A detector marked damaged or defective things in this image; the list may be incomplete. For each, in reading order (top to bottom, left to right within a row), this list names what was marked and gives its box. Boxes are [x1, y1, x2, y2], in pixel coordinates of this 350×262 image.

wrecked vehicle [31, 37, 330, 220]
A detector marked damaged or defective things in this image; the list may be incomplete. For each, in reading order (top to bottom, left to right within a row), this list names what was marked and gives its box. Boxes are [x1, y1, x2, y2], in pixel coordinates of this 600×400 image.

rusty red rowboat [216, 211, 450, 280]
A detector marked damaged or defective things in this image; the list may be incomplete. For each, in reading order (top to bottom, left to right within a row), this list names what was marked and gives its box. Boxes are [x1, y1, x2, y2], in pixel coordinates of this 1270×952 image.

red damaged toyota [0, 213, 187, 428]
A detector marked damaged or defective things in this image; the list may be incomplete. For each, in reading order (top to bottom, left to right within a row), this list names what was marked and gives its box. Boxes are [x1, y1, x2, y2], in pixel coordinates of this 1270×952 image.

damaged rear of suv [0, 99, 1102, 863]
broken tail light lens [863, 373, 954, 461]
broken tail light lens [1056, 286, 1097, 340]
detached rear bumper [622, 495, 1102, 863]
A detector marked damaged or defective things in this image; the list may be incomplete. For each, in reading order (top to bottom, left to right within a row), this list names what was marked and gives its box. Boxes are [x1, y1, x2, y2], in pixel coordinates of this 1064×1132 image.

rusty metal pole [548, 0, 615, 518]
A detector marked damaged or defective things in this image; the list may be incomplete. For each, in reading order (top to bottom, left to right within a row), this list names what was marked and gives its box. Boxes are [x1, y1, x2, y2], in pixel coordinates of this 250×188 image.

▶ WHAT TO WORK ON: Every line above is to be duplicated exactly as shown.

▶ EXERCISE RESULT:
A detector marked damaged or defective things in this image; the list may be incomplete. For each, in reading order (top to bottom, left to right within a row), this list names what was marked and gives its box. Boxes are [x1, y1, x2, y2], in pixel coordinates of this 350×262 image.

wrecked vehicle [31, 37, 330, 220]
A detector marked damaged or defective things in this image; the list may be incomplete. For each, in reading order (top to bottom, left to right within a row), this list names what was marked and gives its box. Boxes are [x1, y1, x2, y2], in pixel coordinates of this 600×400 image.

rusty red rowboat [216, 211, 450, 280]
A detector marked damaged or defective things in this image; the list may be incomplete. For each, in reading order (top to bottom, left to right within a row), this list names what was marked and gives its box. Boxes are [x1, y1, x2, y2], in pixel coordinates of this 1270×952 image.

red damaged toyota [0, 213, 187, 428]
A detector marked damaged or defective things in this image; the list may be incomplete. For each, in reading order (top to bottom, left to right within a row), this list names what was marked and gives its box. Boxes are [x1, y1, x2, y2], in pixel coordinates of this 1270×952 image.

damaged rear of suv [0, 99, 1102, 863]
broken tail light lens [863, 373, 954, 461]
broken tail light lens [1056, 286, 1097, 340]
detached rear bumper [622, 495, 1102, 863]
A detector marked damaged or defective things in this image; the list may be incomplete. For each, in reading order (top to bottom, left to right within a row), this list names what was marked and gives its box. Boxes are [x1, y1, x2, y2], in pixel coordinates of this 1064×1132 image.

rusty metal pole [548, 0, 615, 518]
A detector marked damaged or defective things in this image; the list may be incomplete. For each, in reading order (top to bottom, left to right within a row), this list names what was marked and gives its box. Boxes are [x1, y1, x2, y2], in pixel coordinates of this 250×188 image.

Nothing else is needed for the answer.